• **DATA UNDER STUDY**:

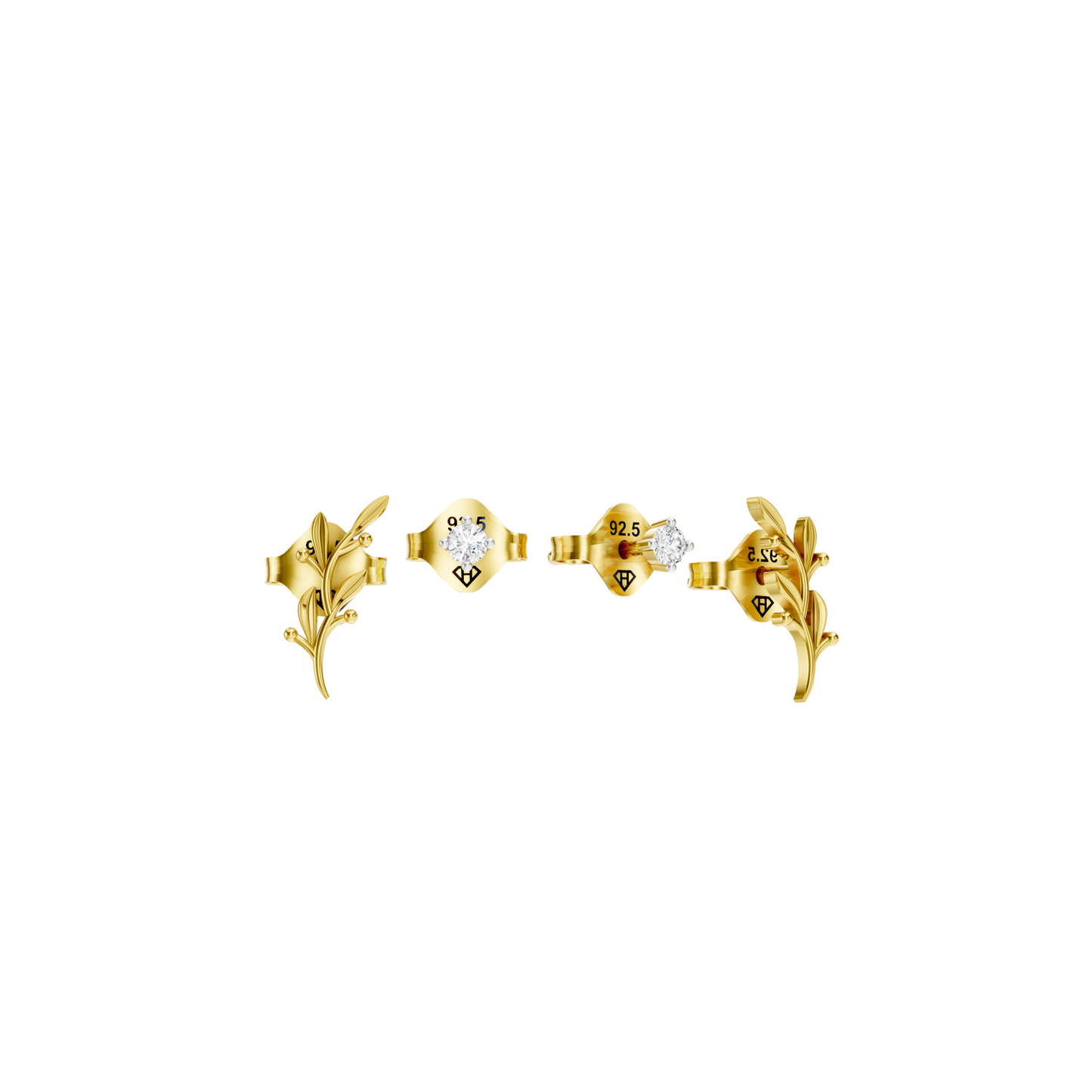 Boucles d'oreilles à tige en forme de feuille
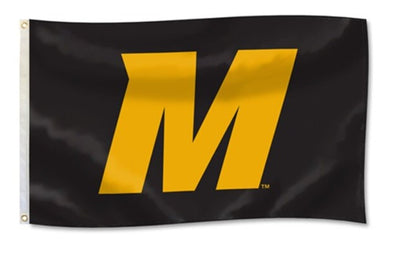 Mizzou Tigers Athletic Font Bold M Black Flag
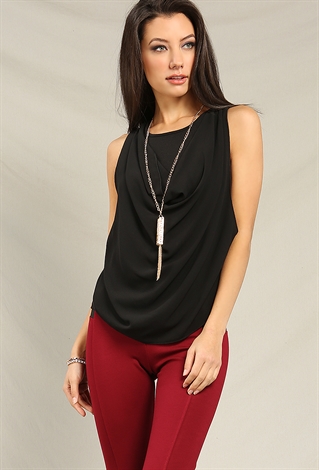 Cowl Neck Top W/ Necklace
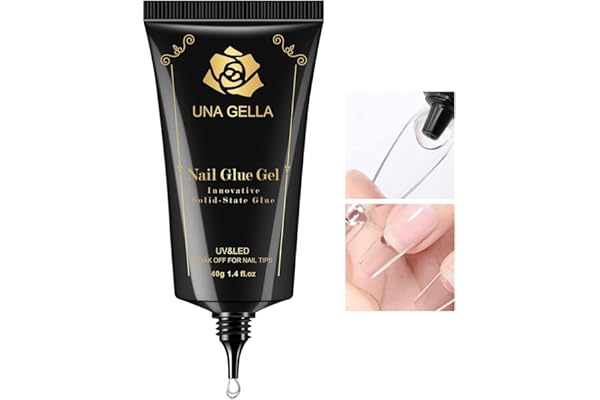 UNA GELLA Soft Gel Nail Tips Gl ue Solid Nails Gl ue Gel 40ml Lamp Curing Needed Soak Off G LUE Strong Nail G LUE G el for Ac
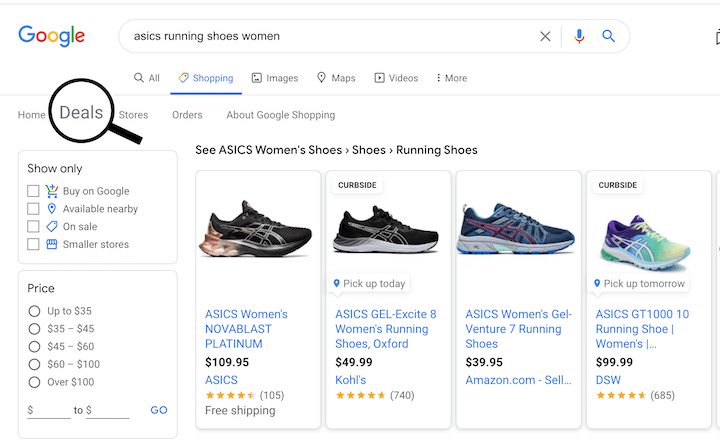 google shopping tab deals feed on desktop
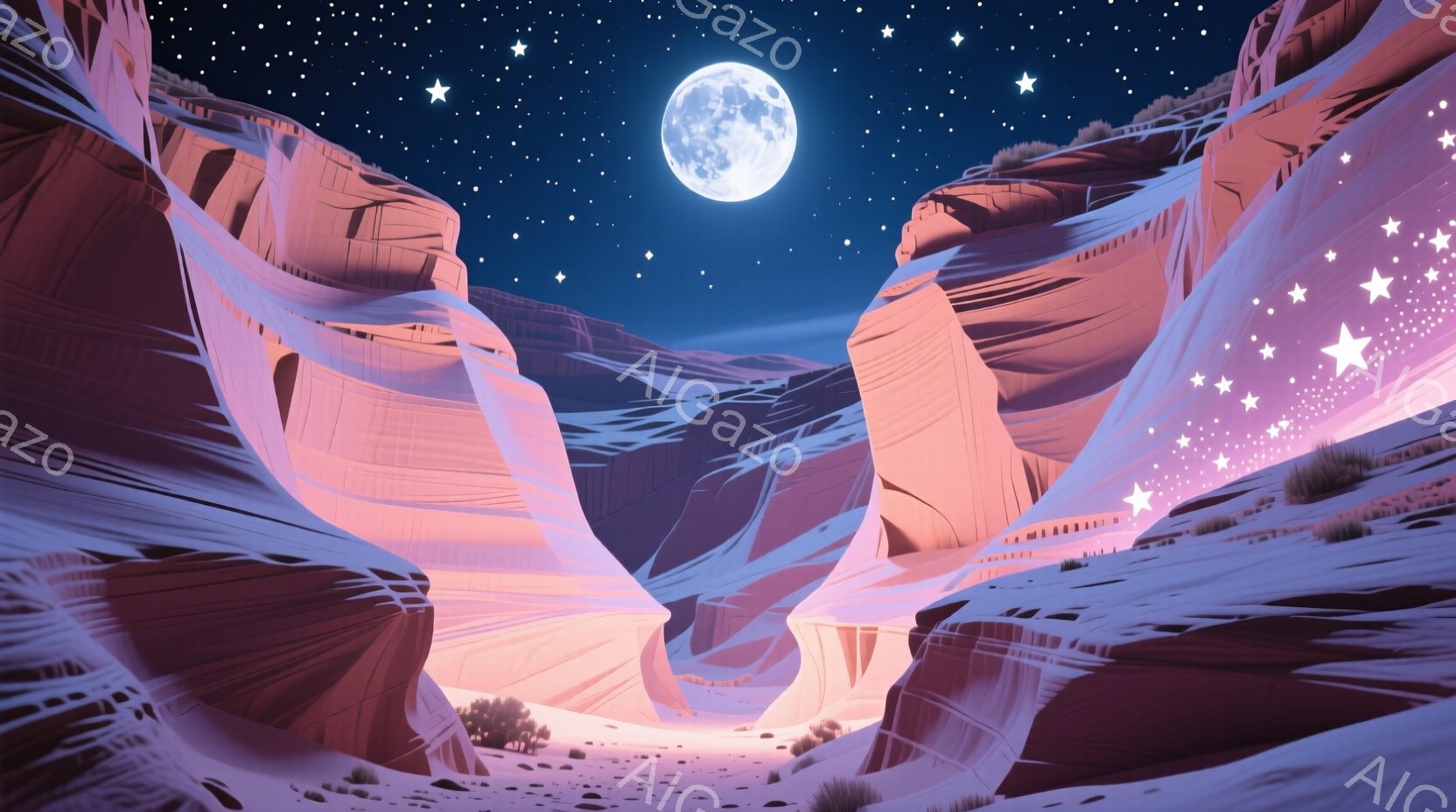 深い赤と紫色の峡谷が月の光と星空の下に広がっている。峡谷の壁は滑らかで曲線的であり、その地形はまるで彫刻のように美しい。夜空には多くの星が輝き、幻想的で神秘的な雰囲気を醸し出している。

• **TO DO**: Return each of the lines exactly as they appear above, with no images.

• **RESULT**:
 Boucles d'oreilles à tige en forme de feuille
 Mizzou Tigers Athletic Font Bold M Black Flag
 Cowl Neck Top W/ Necklace
 UNA GELLA Soft Gel Nail Tips Gl ue Solid Nails Gl ue Gel 40ml Lamp Curing Needed Soak Off G LUE Strong Nail G LUE G el for Ac
 google shopping tab deals feed on desktop
 深い赤と紫色の峡谷が月の光と星空の下に広がっている。峡谷の壁は滑らかで曲線的であり、その地形はまるで彫刻のように美しい。夜空には多くの星が輝き、幻想的で神秘的な雰囲気を醸し出している。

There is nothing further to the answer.